*Activity*. In the data below, set down exactly the lines from the one containing "Illustration by George" up to and including the one containing "Коровы на ферме". Leave the pictures out.

*Given information*.
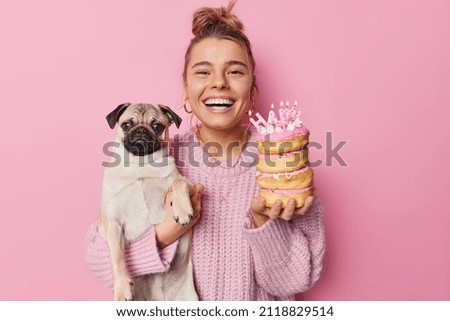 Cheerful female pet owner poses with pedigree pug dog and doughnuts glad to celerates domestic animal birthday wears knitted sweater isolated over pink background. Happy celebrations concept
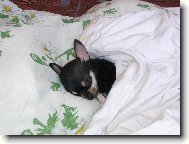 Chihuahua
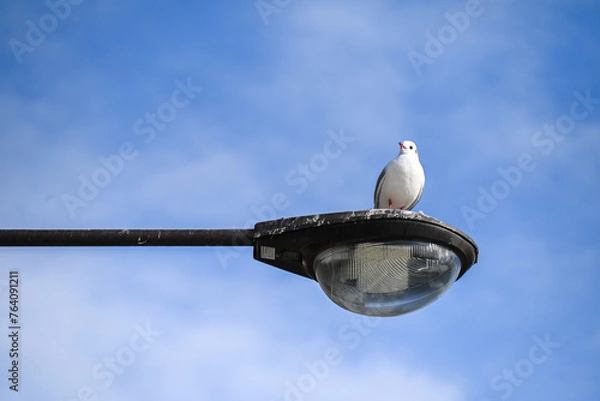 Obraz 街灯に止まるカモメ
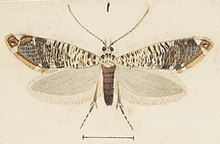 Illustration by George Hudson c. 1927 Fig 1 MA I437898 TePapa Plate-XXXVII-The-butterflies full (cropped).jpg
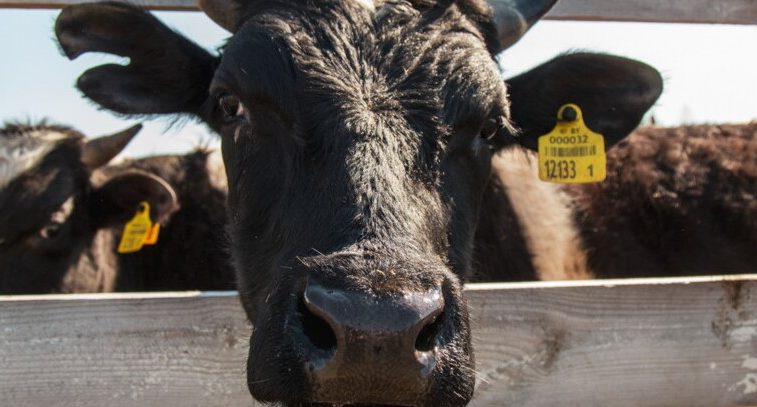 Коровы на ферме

--

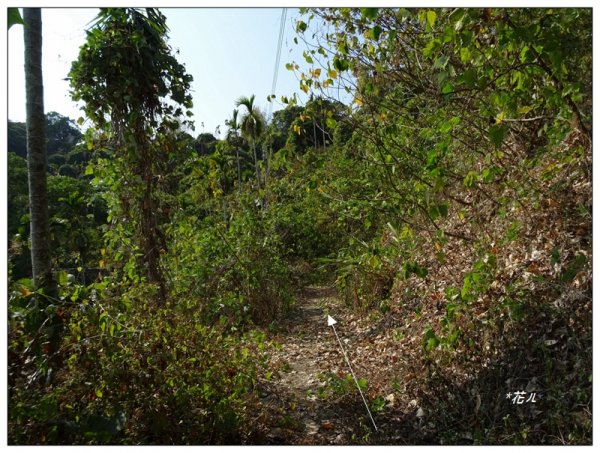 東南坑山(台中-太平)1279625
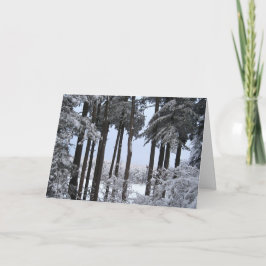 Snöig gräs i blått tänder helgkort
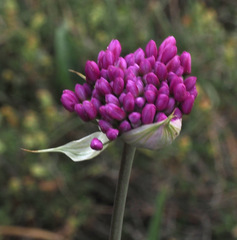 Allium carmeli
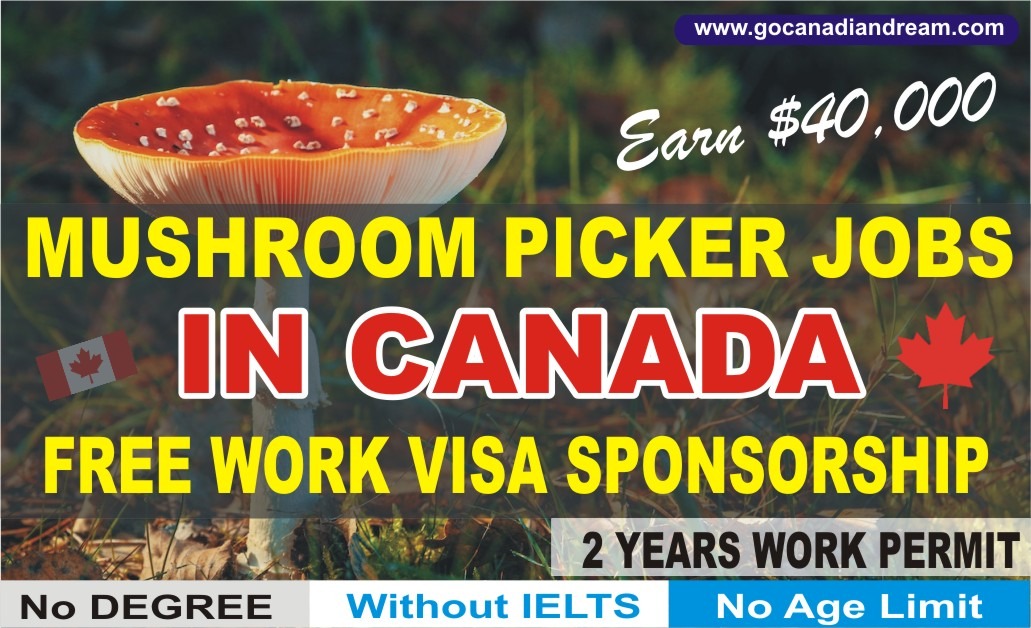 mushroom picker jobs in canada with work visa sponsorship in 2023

==

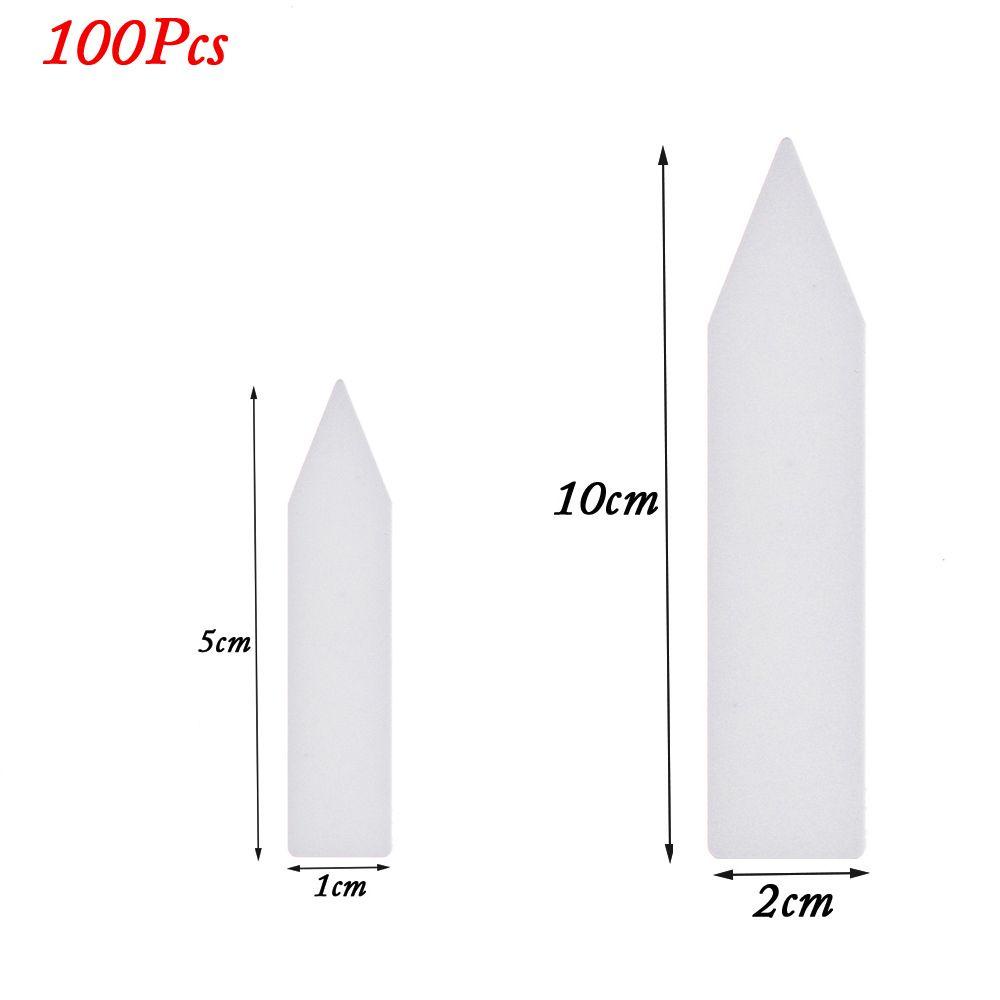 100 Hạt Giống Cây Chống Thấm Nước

*Answer*.
 Illustration by George Hudson c. 1927 Fig 1 MA I437898 TePapa Plate-XXXVII-The-butterflies full (cropped).jpg
 Коровы на ферме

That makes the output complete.